Touching is believing: Each piece in Bunzan’s Ceramic Mimic Fabric pottery collection looks like it’s been made with cloth. |

That’s a wrap

Although Bunzan is an Arita-ware specialist, its winning lineup of Ceramic Mimic Fabric tableware and vases eschew the traditionally colorful and ornate porcelain styles for which Arita, in Saga Prefecture, is known. Instead, it offers contemporary monotone pieces that, at first glance, look like they are made of cloth.

Bunzan champions the unique characteristics of tebineri (hand-formed pottery). Its Ceramic Mimic Fabric patterning technique, originally developed during the late Showa Era (1926-89), involves wrapping each work with a swath of linen and gently hand-pressing it into the clay to create an impression.
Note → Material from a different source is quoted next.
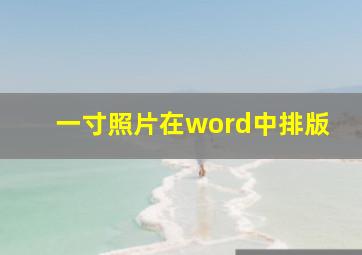 一寸照片在word中排版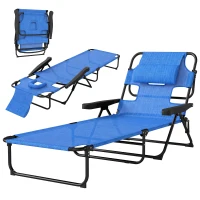 Outsunny Tuinligstoel Zonneligstoelen Relaxligstoel, Opvouwbaar, Weerbestendig, 194 cm x 72 cm x 31 cm, Zwart + Donkerblauw(m-14)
It sounds like a simple process, but Bunzan’s execution of this on particularly thin porcelain produces a subtle diaphanous effect, and the textural details of the warp, weft and folds of the fabric bring a homespun warmth to the series’ overall minimalist aesthetic.

Ceramic Mimic Fabric tableware is priced from ¥3,300 for a small glass or plate to ¥16,500 for a gold-rimmed sake set; the vases, which include more decorative pique weave and lace versions, start at ¥2,860.